Hiçbir şey yazamayacağınızı hissettiniz. Taş. Günler geçiyor ve duygunuz azalmıyor. Pokerde hep kazanan bir anneanneniz var ve demir yoksunusunuz. Hep üşüyorsunuz. Ve kıskançsınız. Magnezyum eksiği. İşte! Gölgeler, boşluk ve bir mumla yüzünün yarısını hissedemeyen biri gibi, kitabevlerinde huzurlanan, geceden korku duyan biri gibi, kitapların hep son cümlelerine inanan ve kedilerden daha az sevildiğini düşünen biri gibi bugün ıslandınız. Ama yağmur yoktu.
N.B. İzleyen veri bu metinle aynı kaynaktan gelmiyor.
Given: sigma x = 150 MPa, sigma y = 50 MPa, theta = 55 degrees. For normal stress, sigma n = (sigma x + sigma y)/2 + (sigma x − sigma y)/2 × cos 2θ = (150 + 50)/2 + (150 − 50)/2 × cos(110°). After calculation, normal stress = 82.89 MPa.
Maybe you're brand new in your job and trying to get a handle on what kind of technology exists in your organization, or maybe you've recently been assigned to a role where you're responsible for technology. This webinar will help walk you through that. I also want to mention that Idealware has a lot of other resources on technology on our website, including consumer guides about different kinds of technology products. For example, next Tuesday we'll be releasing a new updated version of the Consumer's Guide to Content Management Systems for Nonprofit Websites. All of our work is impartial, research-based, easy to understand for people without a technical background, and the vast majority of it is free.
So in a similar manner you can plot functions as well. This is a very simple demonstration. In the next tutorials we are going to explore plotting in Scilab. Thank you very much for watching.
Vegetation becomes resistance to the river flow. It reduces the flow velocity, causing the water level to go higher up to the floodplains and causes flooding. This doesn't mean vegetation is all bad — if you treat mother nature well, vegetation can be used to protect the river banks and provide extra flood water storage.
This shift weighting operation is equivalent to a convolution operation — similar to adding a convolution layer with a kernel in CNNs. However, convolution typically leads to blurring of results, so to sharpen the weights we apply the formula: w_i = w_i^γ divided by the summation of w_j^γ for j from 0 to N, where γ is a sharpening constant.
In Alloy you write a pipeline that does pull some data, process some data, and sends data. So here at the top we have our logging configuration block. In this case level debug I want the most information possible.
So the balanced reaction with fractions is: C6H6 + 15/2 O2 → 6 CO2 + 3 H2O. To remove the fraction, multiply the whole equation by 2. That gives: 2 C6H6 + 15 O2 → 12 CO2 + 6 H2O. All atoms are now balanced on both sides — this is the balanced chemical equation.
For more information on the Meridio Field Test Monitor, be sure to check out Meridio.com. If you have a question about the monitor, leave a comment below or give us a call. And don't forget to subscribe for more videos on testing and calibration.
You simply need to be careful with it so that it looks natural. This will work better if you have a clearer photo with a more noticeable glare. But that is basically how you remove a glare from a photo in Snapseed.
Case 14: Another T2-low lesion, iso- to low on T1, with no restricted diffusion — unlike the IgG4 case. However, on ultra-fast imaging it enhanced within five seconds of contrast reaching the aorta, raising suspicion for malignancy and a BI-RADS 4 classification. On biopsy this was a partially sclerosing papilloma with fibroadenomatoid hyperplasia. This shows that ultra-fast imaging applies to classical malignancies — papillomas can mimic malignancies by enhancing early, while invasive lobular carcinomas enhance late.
Yarım ağız gülümseyerek yöneliyorum uçağa. Uçak bacaklarımızı sıkışık yapıyor. Oysa dizelerin arasında boşluklara ihtiyaç var. Su istiyorum, su paralı. Suyun paralı olduğu uçaklarda insan kendini nasıl güvende hissetsin?
" ... uzayda yitip yeniden mi dönsem n'aapsam?"
Yeni bir başlangıç için bir 'ev bozuntusu' gerek belki. Birileri çalsa kapıyı. Yeni bir şey... Başka birini memnun etmek mesela, hiç uçağa binmemiş biriyle uçağa binmek, elini tutmak. Sonra da taşan suların aktığı alüvyonlu yollar gibi. Aşındık, sahi. Nasıl olcak şimdi? Sizin formülleriniz var aşınmalara. Telefonu yadırgamak gibi. Bir de esmer kozalak var, yavaşlık konusunda. Ucuz tükenmez kalem bitişler için mi?
Aman, Asya gribine yakalanmayın sakın! Kendinize sürekli içerlediğiniz, ama düşen tohumlar hasat edilemez ki...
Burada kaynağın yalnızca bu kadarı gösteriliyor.